Every line below should be copied exactly; drop the pictures.

Data for this exercise:
Segment Open

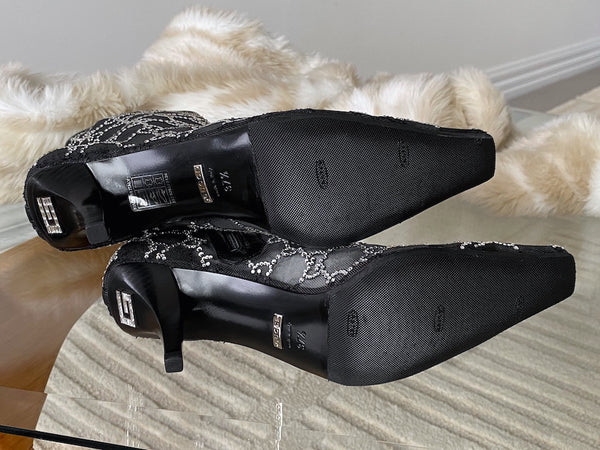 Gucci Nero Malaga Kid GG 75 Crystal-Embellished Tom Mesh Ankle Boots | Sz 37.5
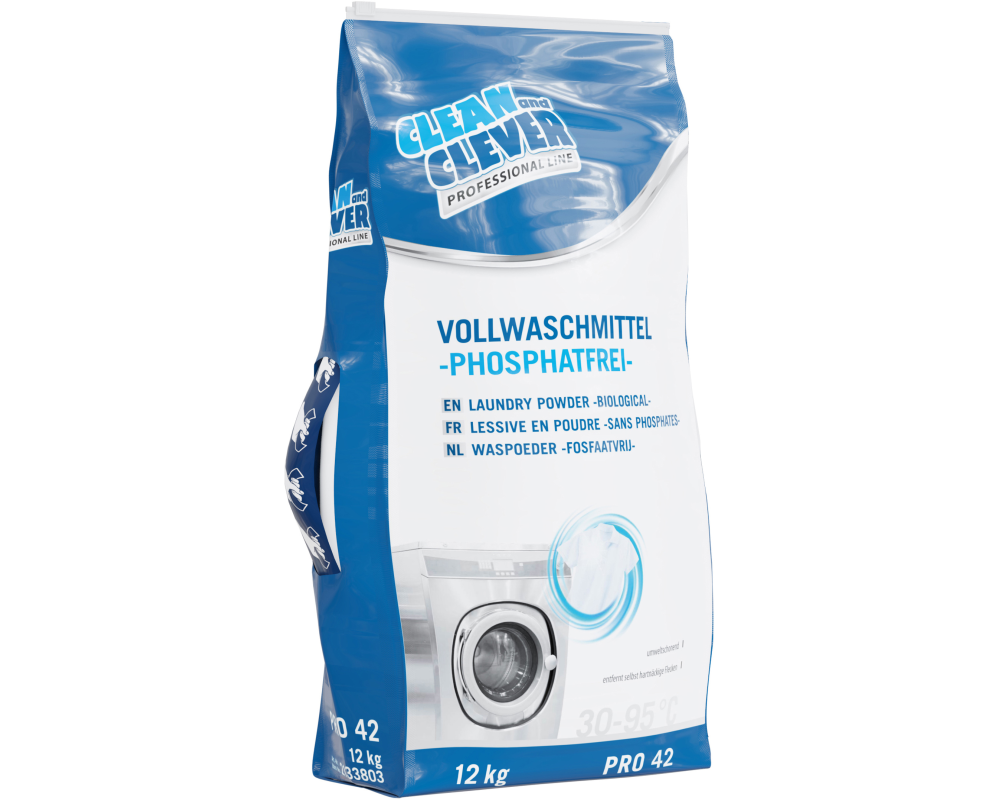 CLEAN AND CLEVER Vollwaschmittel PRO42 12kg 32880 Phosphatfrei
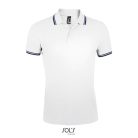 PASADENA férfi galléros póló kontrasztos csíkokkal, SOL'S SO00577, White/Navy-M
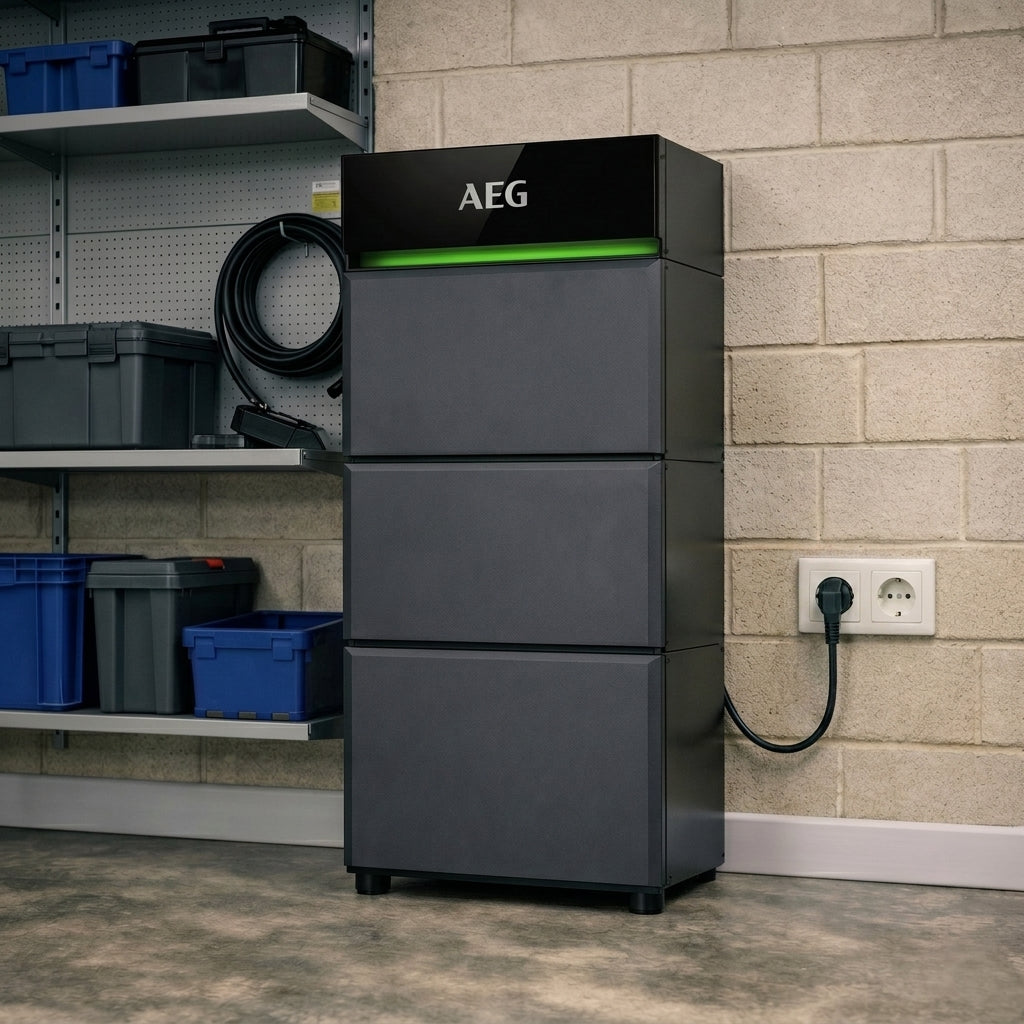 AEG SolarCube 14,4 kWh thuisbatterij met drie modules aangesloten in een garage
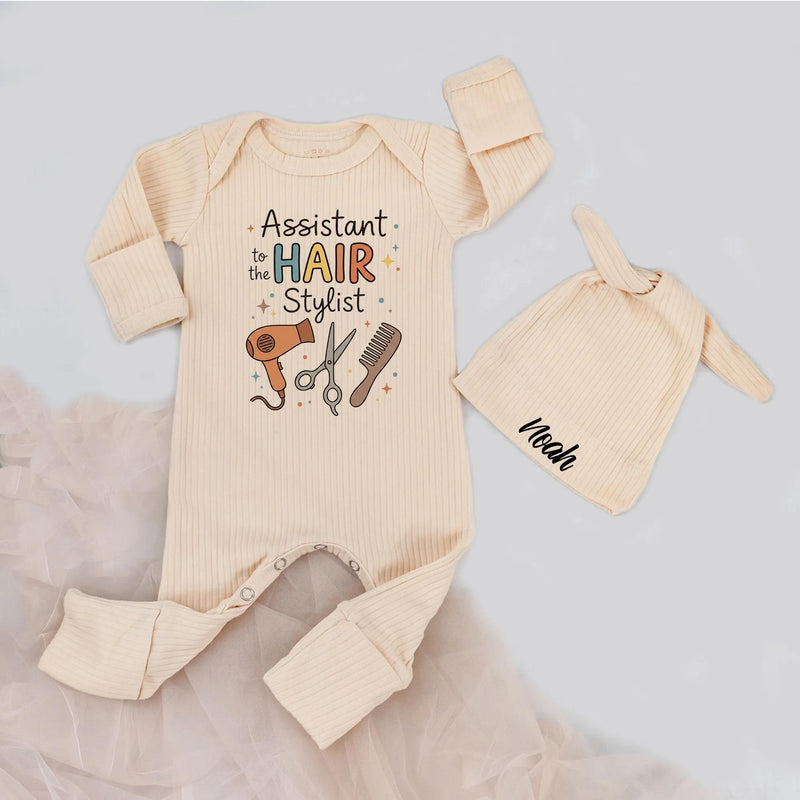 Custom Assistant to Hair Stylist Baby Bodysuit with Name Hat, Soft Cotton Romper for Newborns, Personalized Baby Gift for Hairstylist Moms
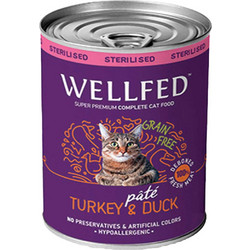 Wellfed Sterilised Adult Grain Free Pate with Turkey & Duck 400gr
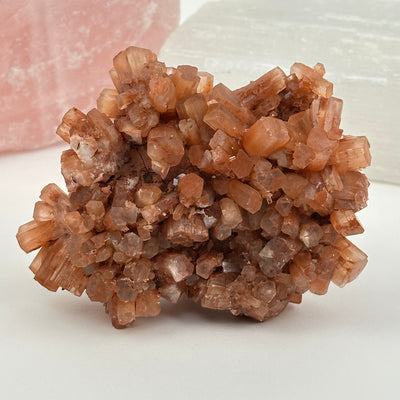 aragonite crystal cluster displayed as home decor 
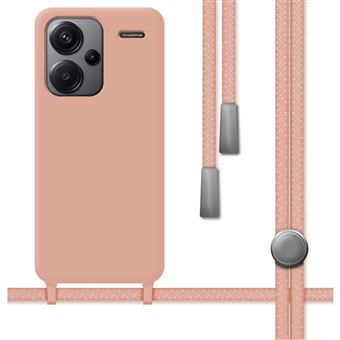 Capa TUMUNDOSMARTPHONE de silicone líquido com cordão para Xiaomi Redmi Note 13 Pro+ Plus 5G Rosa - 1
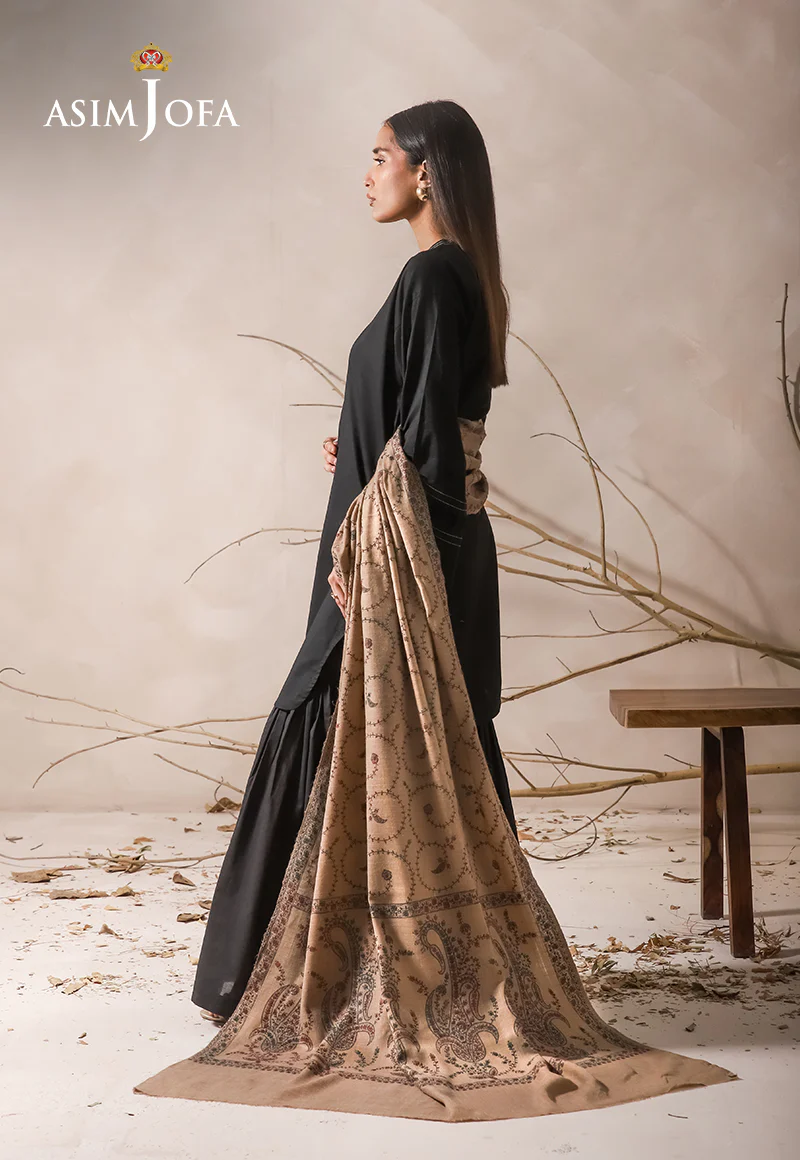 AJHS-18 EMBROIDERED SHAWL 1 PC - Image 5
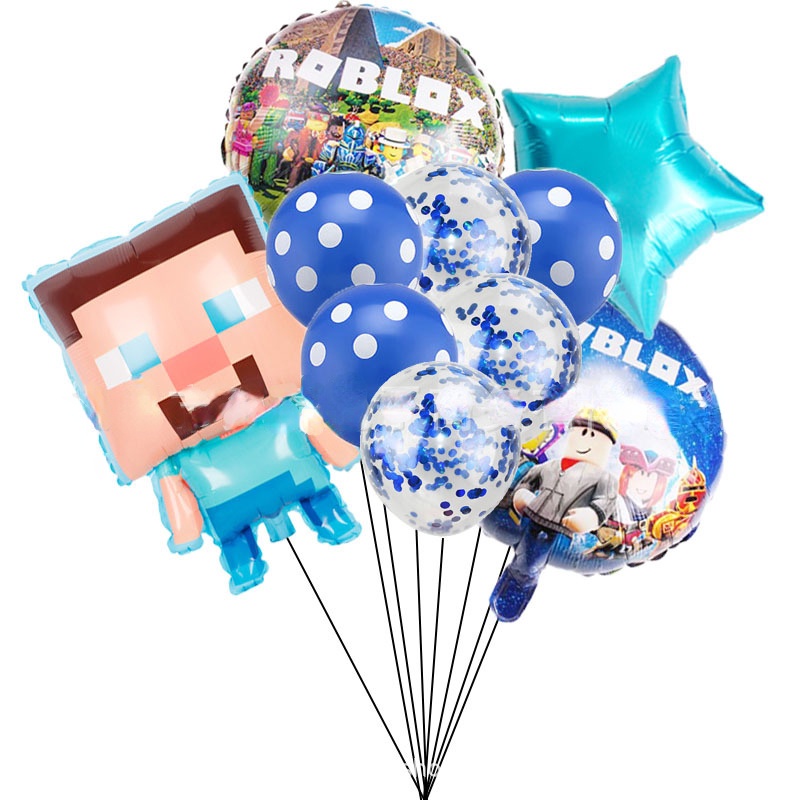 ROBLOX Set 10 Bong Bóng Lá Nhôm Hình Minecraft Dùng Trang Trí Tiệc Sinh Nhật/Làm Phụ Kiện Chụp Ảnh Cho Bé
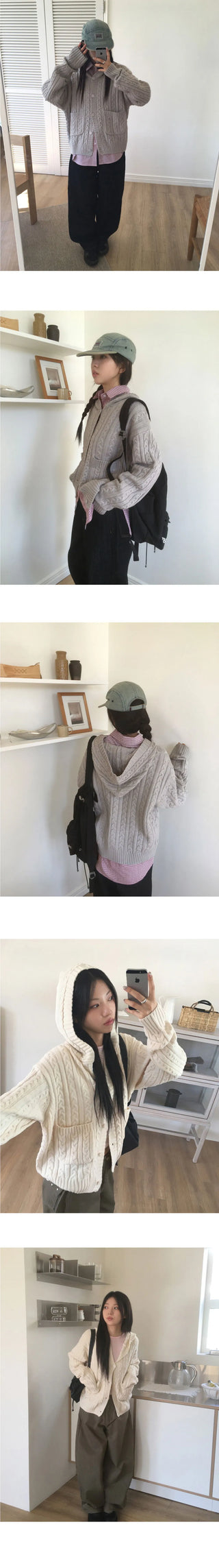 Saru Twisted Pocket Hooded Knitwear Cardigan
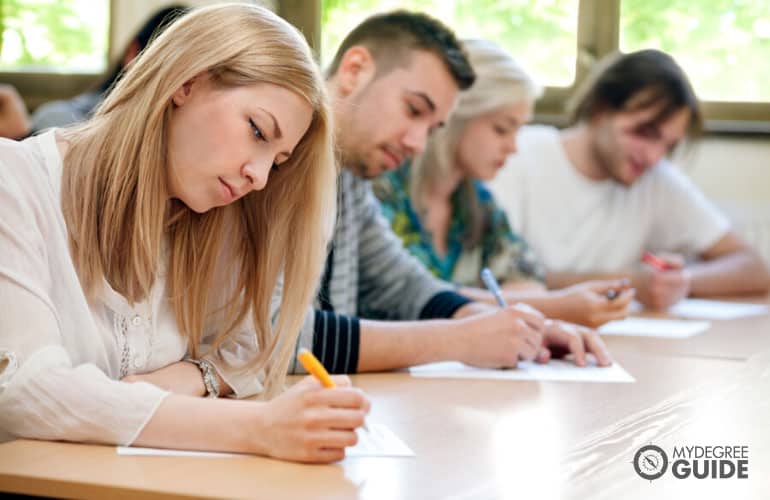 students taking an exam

Segment Closed

Reply:
 Gucci Nero Malaga Kid GG 75 Crystal-Embellished Tom Mesh Ankle Boots | Sz 37.5
 CLEAN AND CLEVER Vollwaschmittel PRO42 12kg 32880 Phosphatfrei
 PASADENA férfi galléros póló kontrasztos csíkokkal, SOL'S SO00577, White/Navy-M
 AEG SolarCube 14,4 kWh thuisbatterij met drie modules aangesloten in een garage
 Custom Assistant to Hair Stylist Baby Bodysuit with Name Hat, Soft Cotton Romper for Newborns, Personalized Baby Gift for Hairstylist Moms
 Wellfed Sterilised Adult Grain Free Pate with Turkey & Duck 400gr
 aragonite crystal cluster displayed as home decor 
 Capa TUMUNDOSMARTPHONE de silicone líquido com cordão para Xiaomi Redmi Note 13 Pro+ Plus 5G Rosa - 1
 AJHS-18 EMBROIDERED SHAWL 1 PC - Image 5
 ROBLOX Set 10 Bong Bóng Lá Nhôm Hình Minecraft Dùng Trang Trí Tiệc Sinh Nhật/Làm Phụ Kiện Chụp Ảnh Cho Bé
 Saru Twisted Pocket Hooded Knitwear Cardigan
 students taking an exam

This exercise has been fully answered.